Bug #52974
closedmgr/monitoring: regression in OSD host details/overview Grafana dashboard
0%
Description
OSD host details and overview do not show any data anymore¶
This is due to a regression introduced in https://github.com/ceph/ceph/pull/41221, which was meant to fix an matching problem if multiple OSDs use a single device (NVMe).
Environment¶
- Prometheus
- node_disk_writes_completed_total metric
- ceph_disk_occupation metric
- possibly other metrics as well, which are not all required to reproduce the issue
How reproducible¶
Steps:
- Use the following two metrics to perform a query
ceph_disk_occupation{ceph_daemon="osd.99",db_device="/dev/dm-7",device="/dev/dm-1",instance="foo.ceph",job="ceph-mgr"} 1.0 node_disk_writes_completed_total{device="dm-1",instance="foo.ceph:9100",job="node-exporter"} 93809050.0
- Perform query (does not yield a result)

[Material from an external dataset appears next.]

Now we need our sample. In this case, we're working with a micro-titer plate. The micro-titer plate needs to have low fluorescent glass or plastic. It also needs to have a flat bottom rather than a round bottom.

Note that I removed the filtering for a particular instance from the queries.
label_replace( ( irate(node_disk_writes_completed{}[5m]) or irate(node_disk_writes_completed_total{}[5m]) ), "instance", "$1", "instance", "([^:.]*).*" ) * on(instance, device, ceph_daemon) group_left label_replace( label_replace( ceph_disk_occupation, "device", "$1", "device", "/dev/(.*)" ), "instance", "$1", "instance", "([^:.]*).*" )

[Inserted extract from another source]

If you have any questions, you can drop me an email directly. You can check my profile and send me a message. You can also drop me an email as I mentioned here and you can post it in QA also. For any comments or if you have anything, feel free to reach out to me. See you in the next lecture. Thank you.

- Perform adapted query (yields result)
label_replace( ( irate(node_disk_writes_completed{}[5m]) or irate(node_disk_writes_completed_total{}[5m]) ), "instance", "$1", "instance", "([^:.]*).*" ) * on(instance, device) group_left(ceph_daemon) label_replace( label_replace( ceph_disk_occupation, "device", "$1", "device", "/dev/(.*)" ), "instance", "$1", "instance", "([^:.]*).*" )
Returns
{ceph_daemon="osd.99", device="dm-1", instance="foo", job="node-exporter"}
Additional info¶
According to the Prometheus documentation, the labels declared in parentheses directly following an `on` are used to join two metrics. As the query was adapted in a previous PR to additionally join on the `ceph_daemon` label, I cannot explain how this would have worked other than if both sides had the `ceph_daemon` label present. However, as `ceph_disk_occupation` is only a metadata metric that is seemingly used to get that label from one side to the other, I cannot explain how this works.

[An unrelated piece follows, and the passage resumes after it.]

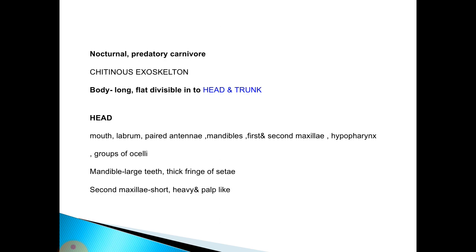Centipedes are nocturnal, predatory, and carnivorous, having a chitinous exoskeleton. The body is long and flat, divisible into head and trunk.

Updated by Patrick Seidensal over 2 years ago
- Status changed from New to In Progress
Updated by Patrick Seidensal over 2 years ago
- Subject changed from mgr/monitoring: regression in OSD host details/overview to mgr/monitoring: regression in OSD host details/overview Grafana dashboard
Updated by Patrick Seidensal over 2 years ago
- Status changed from In Progress to Fix Under Review
- Pull request ID set to 43685
Updated by Patrick Seidensal over 2 years ago
- Backport set to nautilus octopus pacific
Updated by Ernesto Puerta over 2 years ago
- Status changed from Fix Under Review to Pending Backport
- Backport changed from nautilus octopus pacific to octopus pacific
Updated by Backport Bot over 2 years ago
- Copied to Backport #53882: pacific: mgr/monitoring: regression in OSD host details/overview Grafana dashboard added
Updated by Backport Bot over 2 years ago
- Copied to Backport #53883: octopus: mgr/monitoring: regression in OSD host details/overview Grafana dashboard added
Updated by Patrick Seidensal about 2 years ago
- Backport changed from octopus pacific to octopus pacific nautilus
Updated by Backport Bot about 2 years ago
- Copied to Backport #53990: nautilus: mgr/monitoring: regression in OSD host details/overview Grafana dashboard added
Updated by Konstantin Shalygin about 2 years ago
- Backport changed from octopus pacific nautilus to octopus pacific
Updated by Ernesto Puerta about 2 years ago
- Backport changed from octopus pacific to nautilus octopus pacific
Updated by Konstantin Shalygin over 1 year ago
- Status changed from Pending Backport to Resolved